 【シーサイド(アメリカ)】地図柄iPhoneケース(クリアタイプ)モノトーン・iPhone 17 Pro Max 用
::::
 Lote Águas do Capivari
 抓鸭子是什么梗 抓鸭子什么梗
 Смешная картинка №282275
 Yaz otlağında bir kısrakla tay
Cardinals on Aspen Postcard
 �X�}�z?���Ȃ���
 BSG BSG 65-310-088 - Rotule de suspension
::::
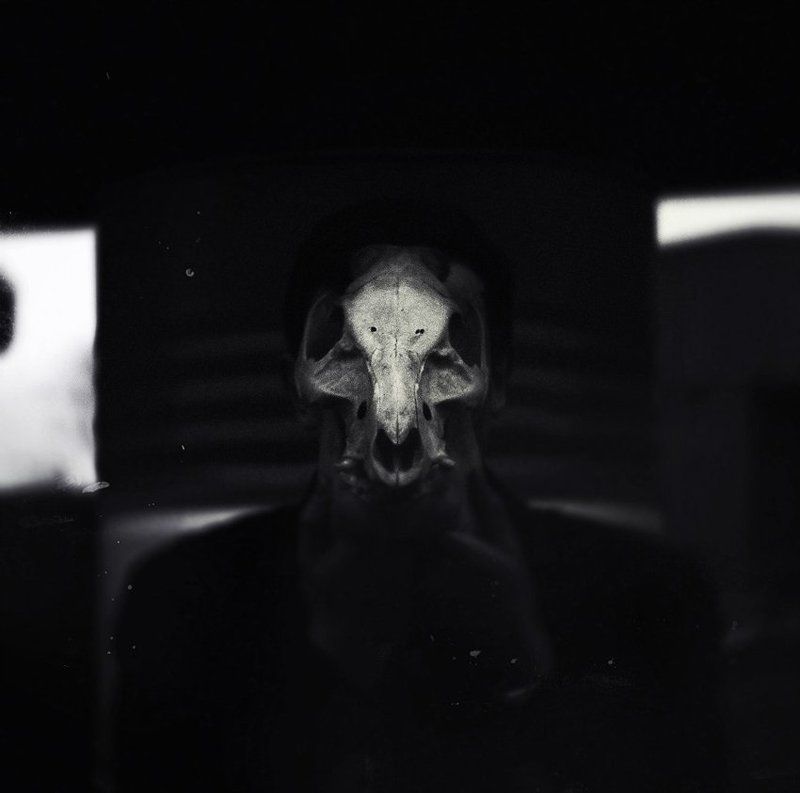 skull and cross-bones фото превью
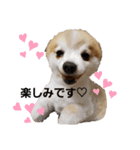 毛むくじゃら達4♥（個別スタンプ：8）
::::
--- Work required ---
Beginning at the line above that contains "Cardinals on Aspen Postcard", return each line exactly through the line that contains "BSG BSG 65-310-088 - Rotule de suspension", and no others.

--- Result of the exercise ---
Cardinals on Aspen Postcard
 �X�}�z?���Ȃ���
 BSG BSG 65-310-088 - Rotule de suspension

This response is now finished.